Use cases are quickly multiplying, with AI being increasingly rolled out for every aspect of our work and digital lives. Take the example of Google, which saw a 50x increase in the volume of tokens processed by their AI products and APIs in just the last year. 

To enable the growth of AI applications and the utility of billions invested in AI infrastructure, the network must be designed to support wave services at increasingly higher capacity levels.

Terrestrial and submarine infrastructure expansion magnifies interconnect need

As AI workloads multiply and data centre proliferation soars, the growth of undersea cables is booming, with over 160,000km of new submarine cables planned for this year. 

New landing stations terminating these cables represent additional terrestrial network opportunities, as they need to be connected to regional data centres to backhaul submarine traffic.
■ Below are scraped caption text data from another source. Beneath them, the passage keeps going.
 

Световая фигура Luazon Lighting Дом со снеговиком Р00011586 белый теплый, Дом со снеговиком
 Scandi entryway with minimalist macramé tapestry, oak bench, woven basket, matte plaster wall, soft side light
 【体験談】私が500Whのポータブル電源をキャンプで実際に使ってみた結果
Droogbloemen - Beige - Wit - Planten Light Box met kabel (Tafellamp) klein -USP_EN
Wave services serve both submarine and terrestrial networks, providing reliable, scalable, and cost-effective capacity over distances spanning several thousands of kilometers. With heightened demand for securing submarine networks, they can also be encrypted, forming an additional layer of data protection for critical applications. 
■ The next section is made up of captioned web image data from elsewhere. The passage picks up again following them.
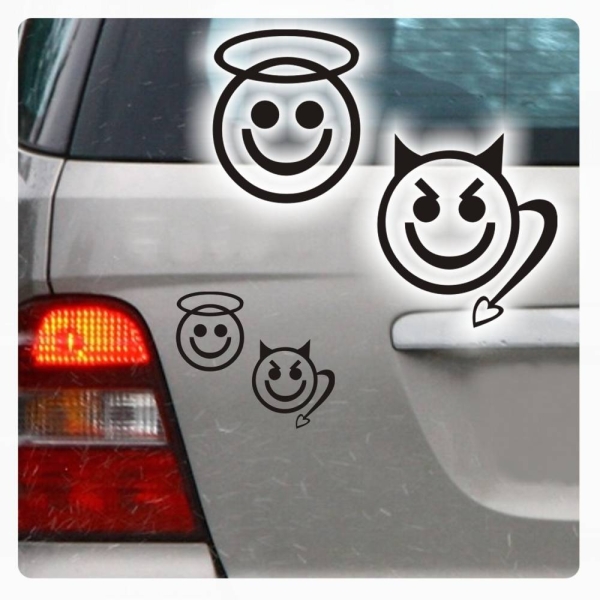 Engel + Teufel Auto Aufkleber Smiley Engelchen Teufelchen Sticker Tattoo A045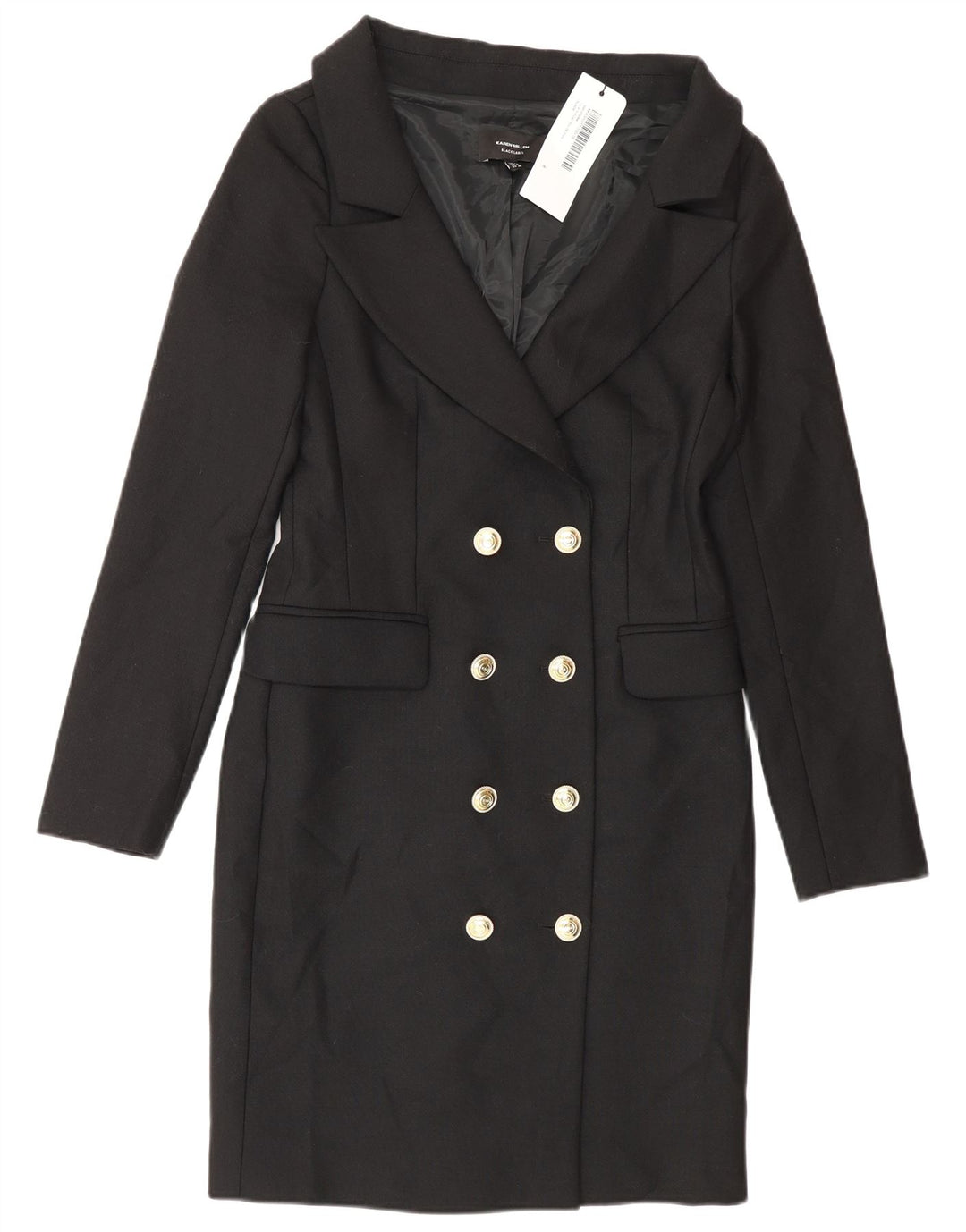 Casaco feminino Karen Millen com peito duplo Reino Unido 8 poliéster preto pequeno
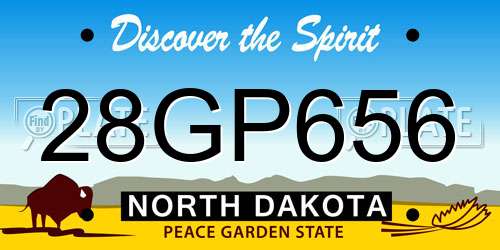 28GP656 North Dakota License Plate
Earlier this year, Lumen successfully established a 1.2 terabit wavelength service trial across 3,050 kilometers on Lumen’s Ultra-Low-Loss (ULL) fiber network, making it the world’s longest 1.2 terabit non-regenerated signal. Using 800G interfaces, Lumen successfully tested and qualified the services to support wavelength, Ethernet, and IP services over the 1.2 Tbps single carrier channel. This real-world trial illustrates what’s becoming commercially viable now, and what is likely to be mainstream within two to three years.
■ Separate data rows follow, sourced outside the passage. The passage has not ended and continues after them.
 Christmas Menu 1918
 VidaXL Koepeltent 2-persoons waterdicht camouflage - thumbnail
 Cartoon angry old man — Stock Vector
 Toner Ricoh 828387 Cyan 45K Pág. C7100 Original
Building smarter networks for tomorrow’s demands

Looking ahead, as data centre network architectures decentralise and cloud-native AI applications expand, the demand for adaptable, high-performance connectivity will only increase. Service providers must rise to the challenge, leveraging AI-driven automation to activate wave services faster, assure service levels more reliably, and adapt to increasingly unpredictable AI traffic demand. 

In fact, leveraging AI to modernise and expand wave service portfolios is essential to meeting AI-fueled customer demands, whether from enterprises, governments, or other service providers. This trend is indicative of a new generation of wave services: smarter, more flexible, more scalable offerings that underpin the rapid growth of a globally interconnected AI network fabric.